One summer, my family went to visit my grandparents in Mexico. I had gotten sick after drinking water from a well at the ranch, and took a day to rest in bed while my parents were out visiting old friends.

I woke up to my grandmother — my dad’s mom — venting her uncensored hate about my mom with a friend over coffee. She didn’t know I was there and thought it was a safe space, but I was all ears. When my parents pulled up outside, I got out of bed and, yes, the look on my grandmother’s face when she realized the house wasn’t empty was priceless.

I went up to my mom and whispered, “Grandma was talking bad about you.” My mom laughed and said, “I know.” After that glass-shattering revelation that not all grandmothers are soft and loving, my 10-year-old self was left wondering: Why are we here? Why are we giving this woman who hates the person I love the most in this world time out of our life?

That core memory has influenced me to break away from the mantra: “Your family will always be there for you.” Nah, count me out.
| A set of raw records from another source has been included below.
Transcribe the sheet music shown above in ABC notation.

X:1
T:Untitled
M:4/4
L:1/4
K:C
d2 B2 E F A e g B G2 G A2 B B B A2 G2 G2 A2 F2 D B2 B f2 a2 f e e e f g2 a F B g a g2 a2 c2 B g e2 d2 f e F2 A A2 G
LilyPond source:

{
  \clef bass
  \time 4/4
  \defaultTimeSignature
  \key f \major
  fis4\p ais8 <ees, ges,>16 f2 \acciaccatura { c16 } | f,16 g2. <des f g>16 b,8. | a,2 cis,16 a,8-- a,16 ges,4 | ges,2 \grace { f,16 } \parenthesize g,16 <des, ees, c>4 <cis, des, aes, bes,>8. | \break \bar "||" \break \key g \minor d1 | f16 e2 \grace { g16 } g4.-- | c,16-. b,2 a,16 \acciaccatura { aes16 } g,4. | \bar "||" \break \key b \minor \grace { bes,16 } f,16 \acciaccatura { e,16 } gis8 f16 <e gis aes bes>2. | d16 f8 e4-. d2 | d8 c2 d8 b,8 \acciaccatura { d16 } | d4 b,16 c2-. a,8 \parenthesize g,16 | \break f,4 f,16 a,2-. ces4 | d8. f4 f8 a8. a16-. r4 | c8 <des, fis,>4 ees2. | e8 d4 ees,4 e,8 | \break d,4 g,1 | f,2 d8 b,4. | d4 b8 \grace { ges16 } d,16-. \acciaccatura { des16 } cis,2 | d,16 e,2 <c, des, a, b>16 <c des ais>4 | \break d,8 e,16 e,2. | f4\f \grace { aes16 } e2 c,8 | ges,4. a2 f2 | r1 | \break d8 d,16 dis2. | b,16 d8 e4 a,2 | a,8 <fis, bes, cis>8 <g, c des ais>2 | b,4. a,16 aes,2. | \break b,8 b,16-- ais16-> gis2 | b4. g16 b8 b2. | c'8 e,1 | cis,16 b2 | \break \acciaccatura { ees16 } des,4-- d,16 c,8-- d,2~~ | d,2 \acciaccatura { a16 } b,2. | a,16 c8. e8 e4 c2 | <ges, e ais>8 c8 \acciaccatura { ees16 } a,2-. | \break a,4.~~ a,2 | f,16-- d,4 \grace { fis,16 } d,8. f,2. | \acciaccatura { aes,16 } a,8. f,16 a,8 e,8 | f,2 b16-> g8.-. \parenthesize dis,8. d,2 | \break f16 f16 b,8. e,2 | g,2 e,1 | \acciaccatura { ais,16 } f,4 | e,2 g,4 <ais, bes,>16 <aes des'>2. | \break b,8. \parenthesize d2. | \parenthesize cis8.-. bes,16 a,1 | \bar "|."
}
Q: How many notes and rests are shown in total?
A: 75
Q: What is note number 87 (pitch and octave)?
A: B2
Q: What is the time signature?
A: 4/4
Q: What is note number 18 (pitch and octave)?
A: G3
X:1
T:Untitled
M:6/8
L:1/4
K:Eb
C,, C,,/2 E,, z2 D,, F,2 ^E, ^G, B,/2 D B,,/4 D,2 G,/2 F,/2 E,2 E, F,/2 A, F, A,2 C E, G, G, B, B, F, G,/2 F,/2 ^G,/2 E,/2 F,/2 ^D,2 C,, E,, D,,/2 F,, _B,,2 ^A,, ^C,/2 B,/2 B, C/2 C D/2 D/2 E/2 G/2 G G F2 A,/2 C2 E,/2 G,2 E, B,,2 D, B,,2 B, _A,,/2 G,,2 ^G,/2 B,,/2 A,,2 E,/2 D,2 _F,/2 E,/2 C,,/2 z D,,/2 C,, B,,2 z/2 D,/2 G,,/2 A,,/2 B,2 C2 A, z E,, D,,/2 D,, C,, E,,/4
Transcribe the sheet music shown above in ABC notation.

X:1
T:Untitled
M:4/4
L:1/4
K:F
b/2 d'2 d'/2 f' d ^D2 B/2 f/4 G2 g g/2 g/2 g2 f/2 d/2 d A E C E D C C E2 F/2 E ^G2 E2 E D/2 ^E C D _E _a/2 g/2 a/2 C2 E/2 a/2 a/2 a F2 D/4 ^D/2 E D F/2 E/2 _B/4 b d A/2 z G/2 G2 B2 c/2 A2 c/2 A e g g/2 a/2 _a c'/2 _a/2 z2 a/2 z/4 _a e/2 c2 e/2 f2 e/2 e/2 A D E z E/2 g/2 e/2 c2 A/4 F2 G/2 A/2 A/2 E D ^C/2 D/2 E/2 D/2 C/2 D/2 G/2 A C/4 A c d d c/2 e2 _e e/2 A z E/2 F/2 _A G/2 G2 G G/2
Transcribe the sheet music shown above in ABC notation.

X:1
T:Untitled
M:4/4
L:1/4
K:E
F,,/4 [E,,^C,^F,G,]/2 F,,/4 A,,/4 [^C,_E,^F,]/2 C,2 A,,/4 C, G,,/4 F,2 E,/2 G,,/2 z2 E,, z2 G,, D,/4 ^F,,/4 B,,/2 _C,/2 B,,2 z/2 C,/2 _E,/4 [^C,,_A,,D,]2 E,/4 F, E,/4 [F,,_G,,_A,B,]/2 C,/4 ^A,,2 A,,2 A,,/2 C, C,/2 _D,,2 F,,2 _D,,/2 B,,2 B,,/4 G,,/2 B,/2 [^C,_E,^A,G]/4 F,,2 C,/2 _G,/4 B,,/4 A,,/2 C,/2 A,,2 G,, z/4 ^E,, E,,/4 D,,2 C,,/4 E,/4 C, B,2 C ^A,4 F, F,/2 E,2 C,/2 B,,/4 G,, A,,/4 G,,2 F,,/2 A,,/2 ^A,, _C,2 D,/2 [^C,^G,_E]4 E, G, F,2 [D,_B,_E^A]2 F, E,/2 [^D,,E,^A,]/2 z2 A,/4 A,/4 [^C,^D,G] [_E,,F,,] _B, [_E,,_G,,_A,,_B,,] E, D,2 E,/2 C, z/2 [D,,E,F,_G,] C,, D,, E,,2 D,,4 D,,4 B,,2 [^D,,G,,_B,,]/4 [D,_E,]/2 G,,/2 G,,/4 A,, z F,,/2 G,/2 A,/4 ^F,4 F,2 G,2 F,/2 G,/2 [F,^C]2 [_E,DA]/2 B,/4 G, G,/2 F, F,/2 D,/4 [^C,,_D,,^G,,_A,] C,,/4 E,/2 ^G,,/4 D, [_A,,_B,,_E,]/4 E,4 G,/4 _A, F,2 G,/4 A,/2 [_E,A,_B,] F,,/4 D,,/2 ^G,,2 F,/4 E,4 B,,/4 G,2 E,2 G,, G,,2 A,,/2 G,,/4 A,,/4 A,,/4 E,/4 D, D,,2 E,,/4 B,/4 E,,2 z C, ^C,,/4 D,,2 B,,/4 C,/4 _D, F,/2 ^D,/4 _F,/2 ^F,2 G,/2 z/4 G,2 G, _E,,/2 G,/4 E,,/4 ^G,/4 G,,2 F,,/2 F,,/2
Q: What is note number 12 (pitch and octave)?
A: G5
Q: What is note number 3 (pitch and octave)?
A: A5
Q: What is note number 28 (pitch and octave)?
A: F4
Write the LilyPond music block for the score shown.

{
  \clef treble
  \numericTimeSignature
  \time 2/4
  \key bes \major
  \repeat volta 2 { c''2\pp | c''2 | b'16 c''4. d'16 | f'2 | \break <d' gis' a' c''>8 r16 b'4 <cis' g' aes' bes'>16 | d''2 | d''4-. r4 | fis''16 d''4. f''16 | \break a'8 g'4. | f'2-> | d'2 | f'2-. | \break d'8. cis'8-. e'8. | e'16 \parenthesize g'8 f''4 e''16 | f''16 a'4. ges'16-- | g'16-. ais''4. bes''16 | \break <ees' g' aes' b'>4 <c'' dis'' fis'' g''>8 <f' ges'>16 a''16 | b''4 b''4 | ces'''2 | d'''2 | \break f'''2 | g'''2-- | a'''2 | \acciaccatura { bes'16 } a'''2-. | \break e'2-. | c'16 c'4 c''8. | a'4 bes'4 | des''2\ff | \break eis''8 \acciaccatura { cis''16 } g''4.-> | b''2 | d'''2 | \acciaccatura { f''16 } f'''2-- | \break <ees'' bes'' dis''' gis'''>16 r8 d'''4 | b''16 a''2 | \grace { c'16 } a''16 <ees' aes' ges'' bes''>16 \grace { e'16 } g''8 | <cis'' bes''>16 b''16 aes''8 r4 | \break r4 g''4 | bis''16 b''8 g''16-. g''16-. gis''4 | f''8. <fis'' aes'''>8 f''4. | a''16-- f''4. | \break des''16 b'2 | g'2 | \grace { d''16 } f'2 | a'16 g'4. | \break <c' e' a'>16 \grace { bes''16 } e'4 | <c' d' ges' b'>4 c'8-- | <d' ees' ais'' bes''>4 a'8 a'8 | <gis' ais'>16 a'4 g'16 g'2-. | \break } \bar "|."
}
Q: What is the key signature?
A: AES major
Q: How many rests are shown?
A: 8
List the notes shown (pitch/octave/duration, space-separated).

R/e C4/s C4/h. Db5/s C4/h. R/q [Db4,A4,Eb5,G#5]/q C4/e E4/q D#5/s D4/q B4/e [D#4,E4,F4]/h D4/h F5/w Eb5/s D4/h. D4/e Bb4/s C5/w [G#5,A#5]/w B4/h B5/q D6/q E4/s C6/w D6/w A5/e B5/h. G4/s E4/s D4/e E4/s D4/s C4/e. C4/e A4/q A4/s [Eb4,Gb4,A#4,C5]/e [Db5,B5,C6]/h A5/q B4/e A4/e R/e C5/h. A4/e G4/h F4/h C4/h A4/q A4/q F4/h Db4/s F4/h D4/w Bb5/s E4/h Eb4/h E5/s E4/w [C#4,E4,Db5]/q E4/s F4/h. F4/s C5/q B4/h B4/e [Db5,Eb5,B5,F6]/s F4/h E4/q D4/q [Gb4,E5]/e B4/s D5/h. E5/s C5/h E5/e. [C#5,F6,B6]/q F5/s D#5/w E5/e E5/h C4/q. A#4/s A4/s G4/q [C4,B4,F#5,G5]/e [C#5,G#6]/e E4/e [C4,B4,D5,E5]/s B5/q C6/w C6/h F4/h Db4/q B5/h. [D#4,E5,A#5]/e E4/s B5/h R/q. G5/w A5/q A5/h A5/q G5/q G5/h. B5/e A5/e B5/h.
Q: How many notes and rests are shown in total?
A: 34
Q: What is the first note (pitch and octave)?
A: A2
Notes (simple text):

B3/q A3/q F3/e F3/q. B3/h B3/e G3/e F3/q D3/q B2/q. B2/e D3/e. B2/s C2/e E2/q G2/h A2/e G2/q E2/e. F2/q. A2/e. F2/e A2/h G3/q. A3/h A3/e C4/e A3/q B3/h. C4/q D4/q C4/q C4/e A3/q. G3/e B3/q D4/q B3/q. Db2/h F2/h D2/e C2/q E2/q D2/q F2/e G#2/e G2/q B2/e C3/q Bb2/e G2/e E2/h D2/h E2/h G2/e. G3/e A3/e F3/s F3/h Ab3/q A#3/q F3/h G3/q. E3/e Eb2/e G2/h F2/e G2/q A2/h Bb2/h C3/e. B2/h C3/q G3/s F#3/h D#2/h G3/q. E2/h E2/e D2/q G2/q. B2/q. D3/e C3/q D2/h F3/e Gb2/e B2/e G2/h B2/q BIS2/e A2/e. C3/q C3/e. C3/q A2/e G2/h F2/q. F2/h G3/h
It could be another one of those generational things where I’m simply ready to break away from traditions where we put up with people who don’t add joy to your life. I’m done with excusing bad behavior or people who put us down with “That’s family for ya.”

I’m not talking about the usual bickering between siblings, or hearing your mom complain about how she does everything around the house. Or even being there for family dealing with their own monsters or challenges.

I’m talking about those extended family members who make you feel less than.

Those who shamelessly comment on how your skin color compares to the rest of the family, those who determine how happy a life you’ll have because of your weight or those who keep on asking when you will have a baby.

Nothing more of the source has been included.